2) Sometimes people who tell you it won’t work are wrong. In 1977, Ken Olsen, founder of Digital Equipment Corporation (later acquired by Compaq) famously said, “There is no reason anyone would want a computer in their home.” People always say new ideas won’t work.

Monk advises entrepreneurs to just go at it and test and see if people want what you’re putting out there because, sometimes, the things that seem the most out there are the ones that do the best. Monk has had 12-15 businesses that have reached at least a million dollars in sales. If you have the right amount of “I can do this,” sometimes you can.

3) But sometimes, they’re right. Monk spent over a million dollars of his own money on a company with upscale survival gear marketed to women. People told him it wouldn’t work, but Monk felt there was a market for his idea. “It got tons of press,” Monk says, “but almost no sales.” It was a failure of epic proportions, and he is still paying for it. This time (and a lot of others) the naysayers were right. When this is the case, refer again to point one.

Whether it’s a business venture or a relationship, sometimes you have to walk away even when you’ve invested deeply.

4) Pursue who you want to be, not what you want to be. Every person can contribute something. After 63 years and a mountain of business success, Monk is driven by a desire common to most people. “I want to help a lot more people,” he says. If you pursue who you want to be, the what falls into place. If you don’t, you don’t find joy in either. Monk says nothing compares to seeing people get to the point where they know “I can do this” and knowing he’s played a part in it.

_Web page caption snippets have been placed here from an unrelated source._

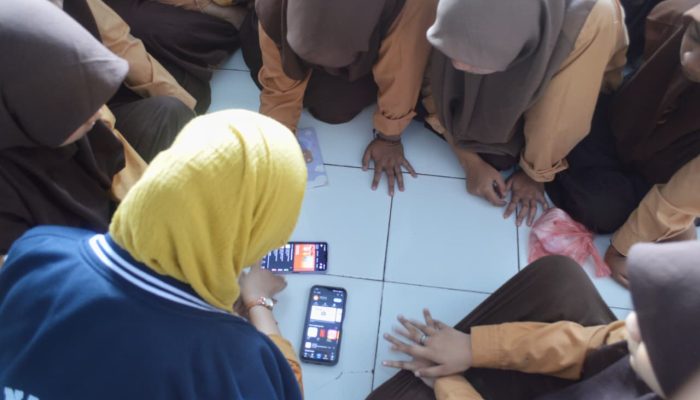 Lewat Aplikasi Inarisk, Pelajar Krejengan Dilatih Jadi Generasi Tanggap Bencana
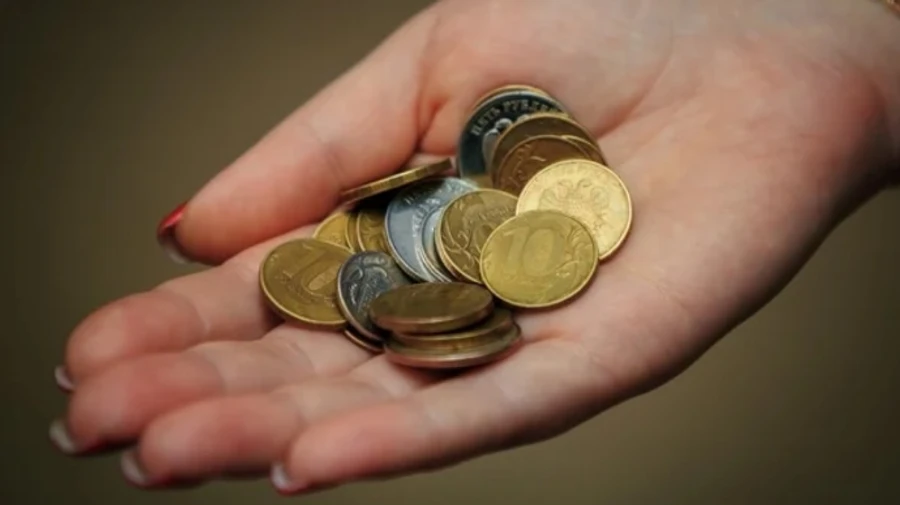 За время оккупации Крыма реальные доходы россиян упали на 10%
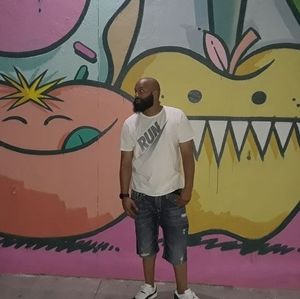 Meet your Posher, Ramone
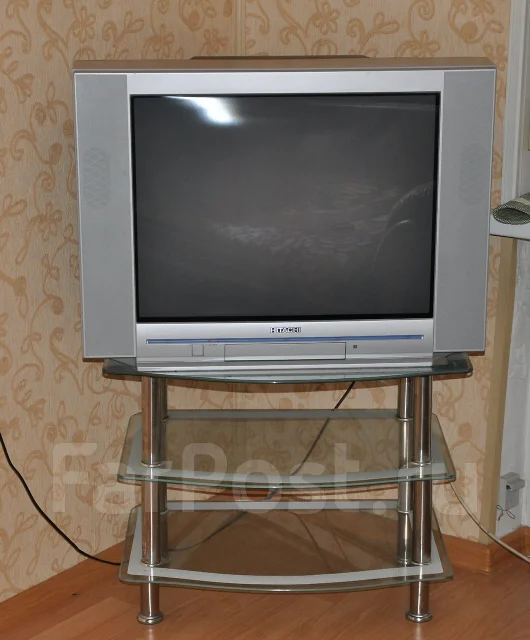 Hitachi. CRT (���) ����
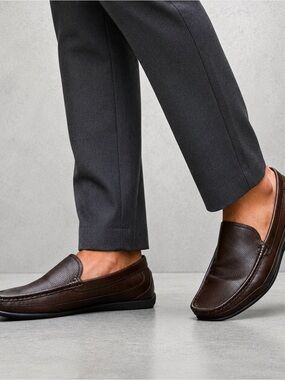 J Ferrar Barton Men’s 9M Brown Memory Foam Slip On Loafers Moc Toe Casual Shoes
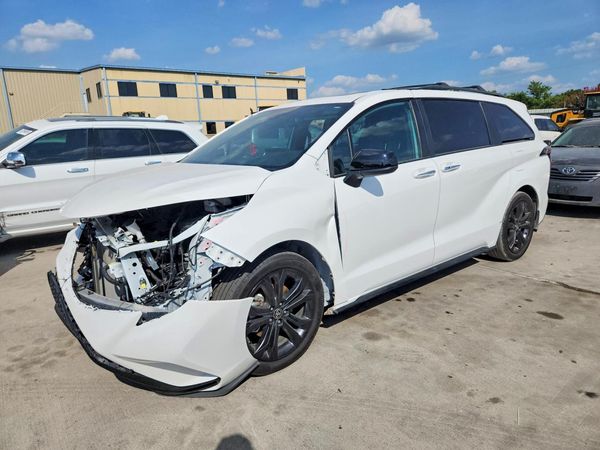 2025 TOYOTA SIENNA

5) Build the right team. Having the right team who do their roles very well makes entrepreneurship less scary. “The team makes the trains run on time so I can do what I do,” Monk says.

Sometimes, the safest place to be is the one that feels the scariest. Lions—with their intimidating teeth and deafening roars—are designed to provoke fear. But the real danger lies with the smaller, quieter lionesses. In the animal kingdom, the lion’s job is to roar and send prey scattering away from the startling noise—right into the path of the waiting lionesses, the true hunters. If gazelles knew to run toward the frightening sound, they would have a better chance of survival. The roar doesn’t represent the real danger.

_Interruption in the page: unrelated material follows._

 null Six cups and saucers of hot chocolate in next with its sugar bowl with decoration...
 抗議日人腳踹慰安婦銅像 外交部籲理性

Likewise, humans sometimes have an instinctive desire to shy away from pursuits that look and sound scary. But often, running toward those challenges and conflicts is the best (or only) way to grow and meet our goals. In business, those who run from the deafening noise never reach their full potential, while those who turn and face the fear thrive.

Monk’s whole life has been about running toward the roar. With each failure, he picks himself up and gets back in the saddle. In business and in life, it’s good to be persistent, courageous, and maybe even a little reckless.